◆ AVAILABLE DATA:
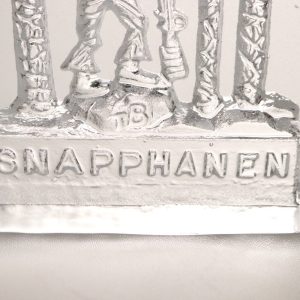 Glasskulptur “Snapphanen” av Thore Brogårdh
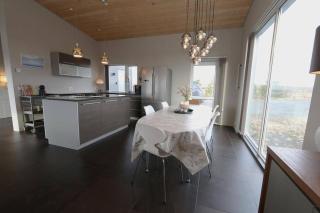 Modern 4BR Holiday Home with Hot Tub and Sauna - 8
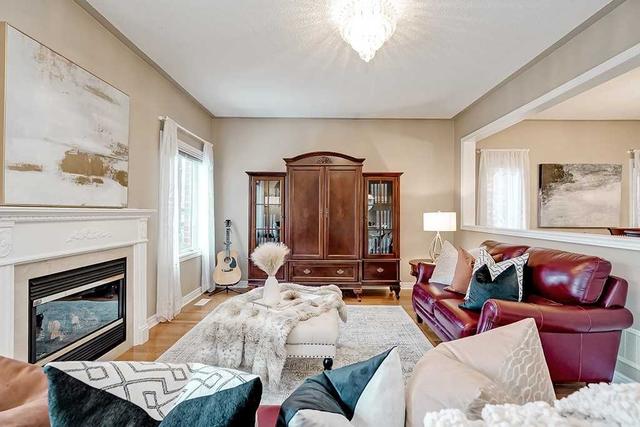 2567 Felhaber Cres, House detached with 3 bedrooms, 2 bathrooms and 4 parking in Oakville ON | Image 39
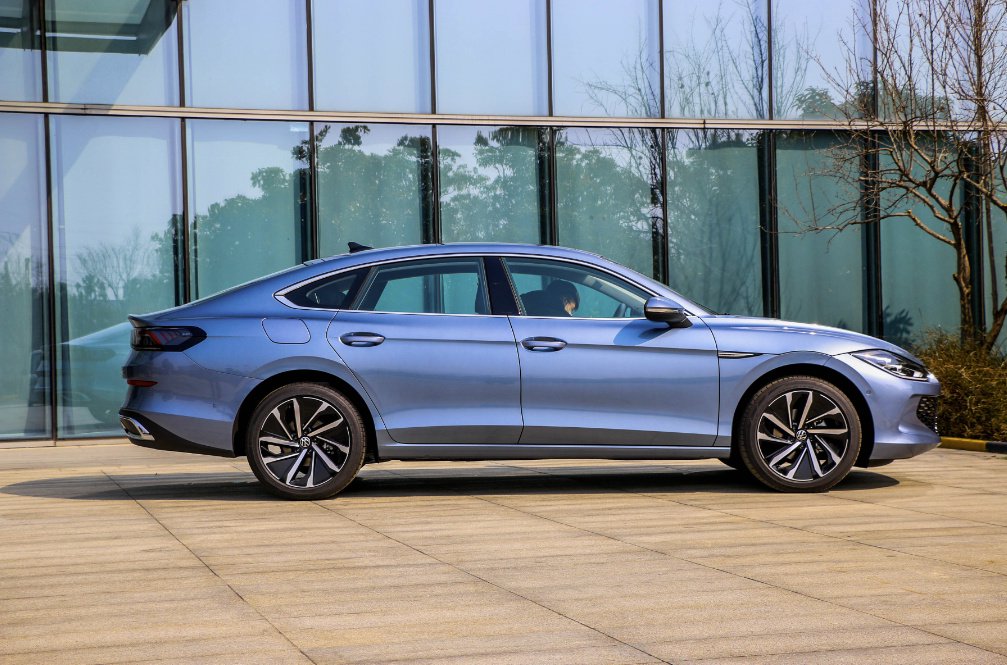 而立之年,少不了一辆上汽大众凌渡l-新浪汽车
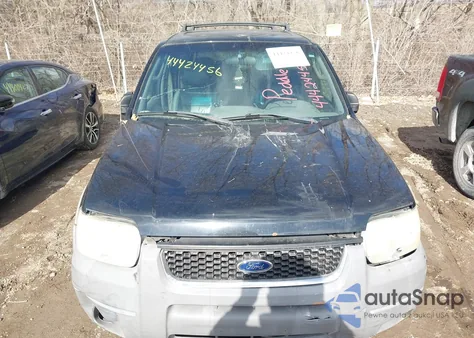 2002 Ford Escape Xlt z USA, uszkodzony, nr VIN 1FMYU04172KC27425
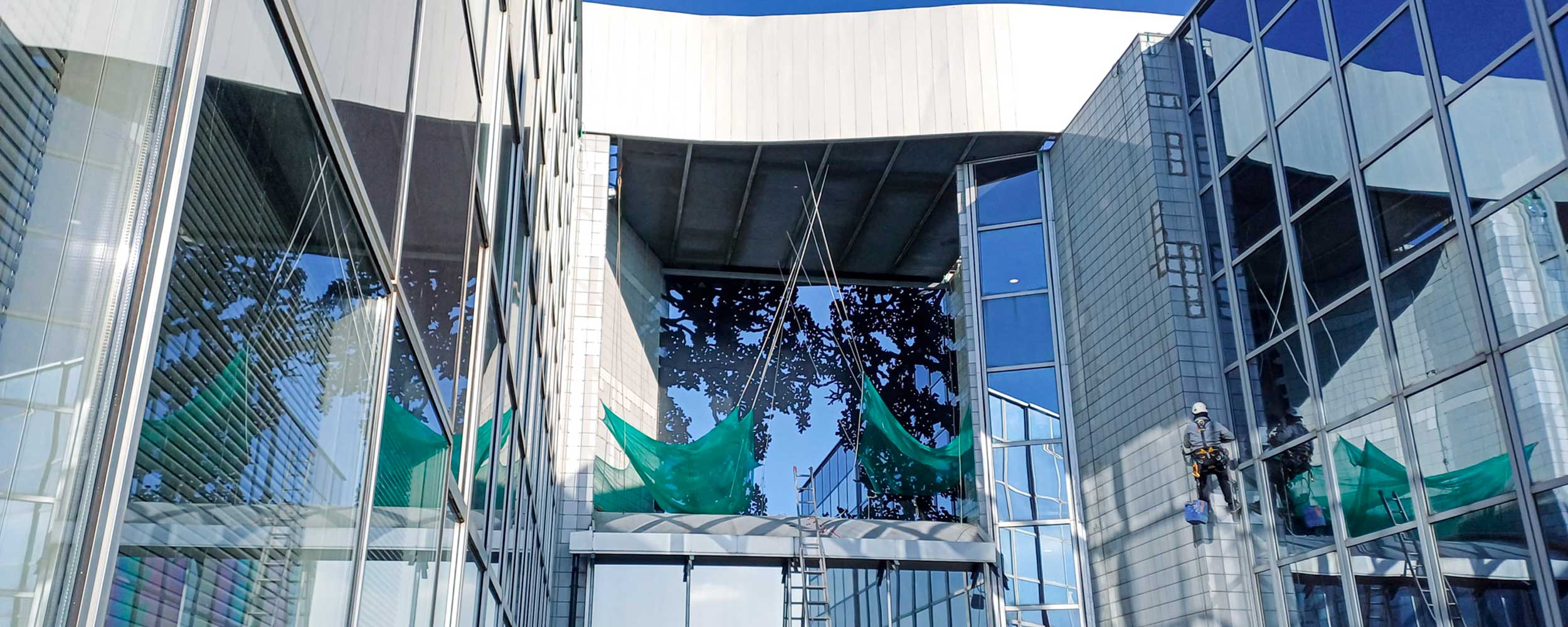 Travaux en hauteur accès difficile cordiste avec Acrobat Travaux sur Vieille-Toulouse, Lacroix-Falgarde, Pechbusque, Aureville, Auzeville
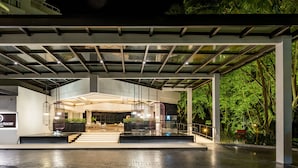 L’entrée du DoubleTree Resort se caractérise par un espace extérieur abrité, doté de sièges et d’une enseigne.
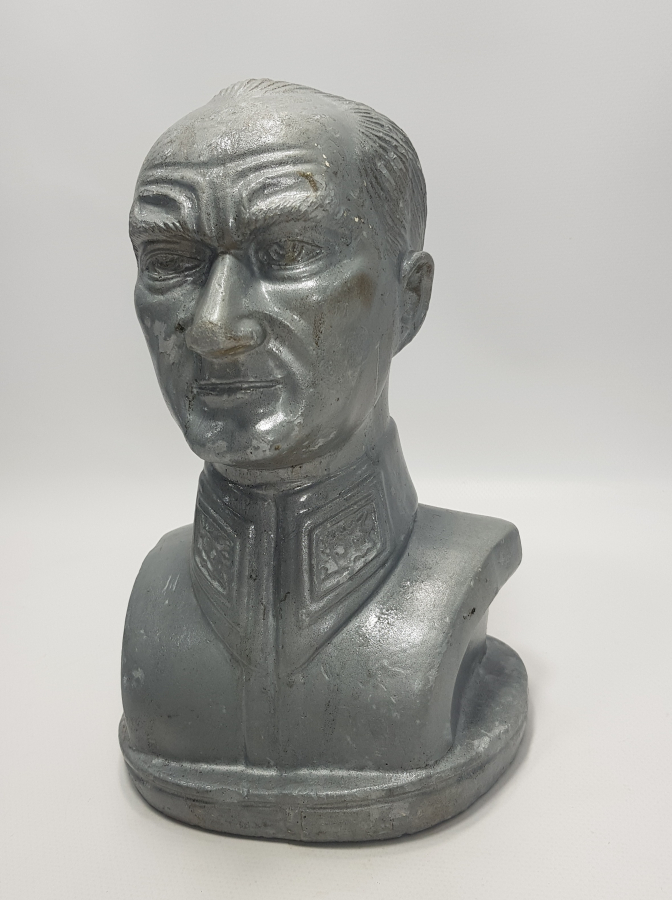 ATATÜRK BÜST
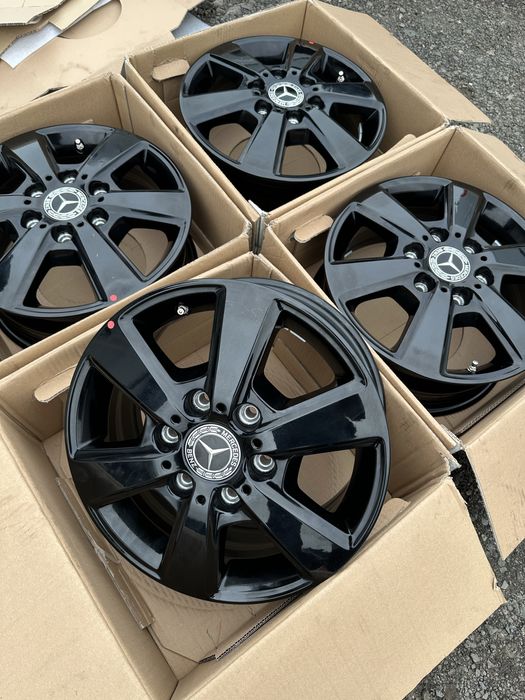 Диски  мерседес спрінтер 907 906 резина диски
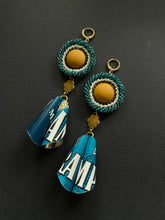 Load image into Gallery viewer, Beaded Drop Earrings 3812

==

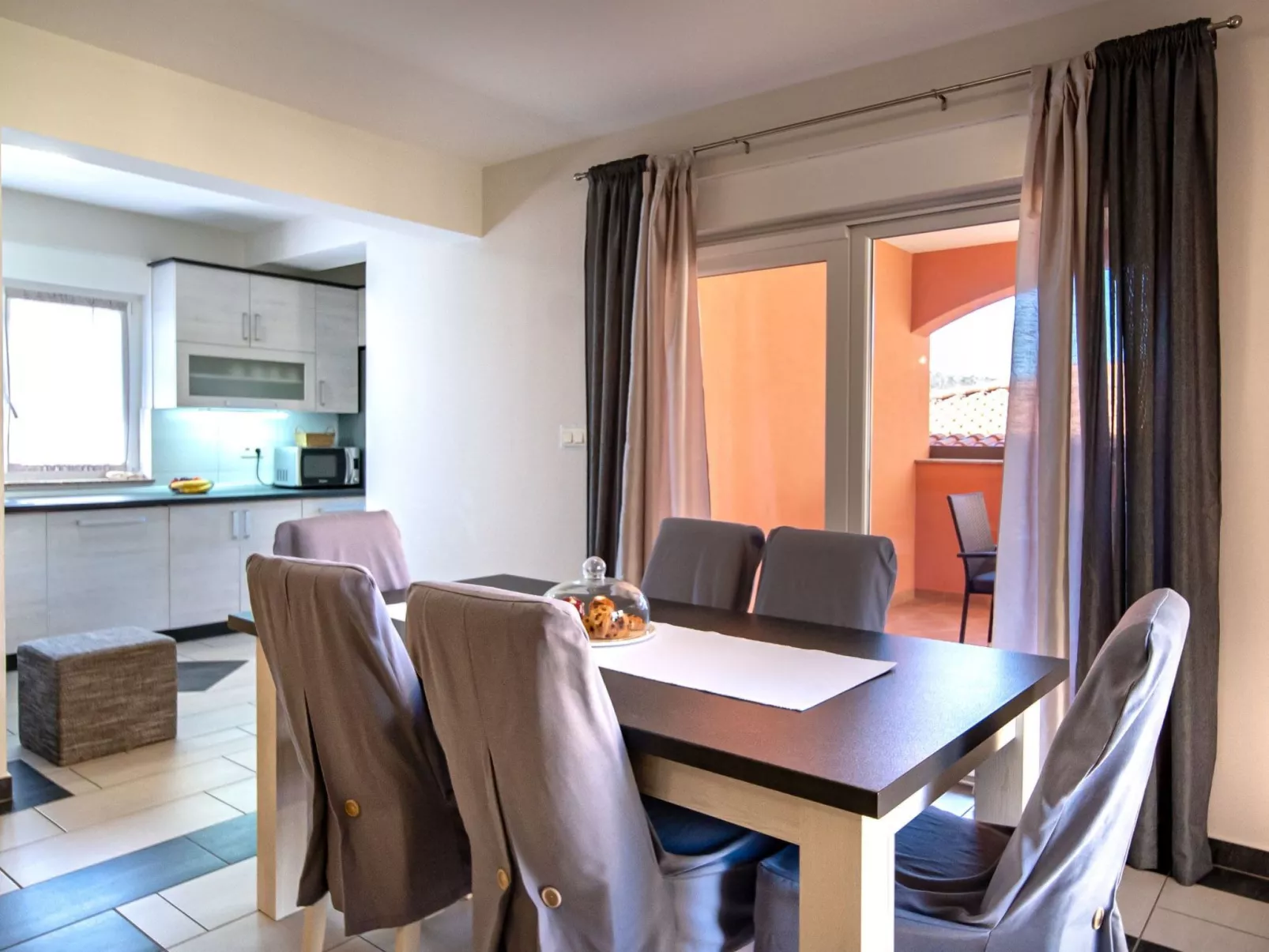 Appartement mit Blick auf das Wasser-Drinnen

◆ BRIEF: Could you transcribe exactly the entries above, but only the lines from the one with "而立之年,少不了一辆上汽大众凌渡l-新浪汽车" through the one with "Load image into", and without pictures?

◆ ANSWER SECTION:
 而立之年,少不了一辆上汽大众凌渡l-新浪汽车
 2002 Ford Escape Xlt z USA, uszkodzony, nr VIN 1FMYU04172KC27425
 Travaux en hauteur accès difficile cordiste avec Acrobat Travaux sur Vieille-Toulouse, Lacroix-Falgarde, Pechbusque, Aureville, Auzeville
 L’entrée du DoubleTree Resort se caractérise par un espace extérieur abrité, doté de sièges et d’une enseigne.
 ATATÜRK BÜST
 Диски  мерседес спрінтер 907 906 резина диски
 Load image into Gallery viewer, Beaded Drop Earrings 3812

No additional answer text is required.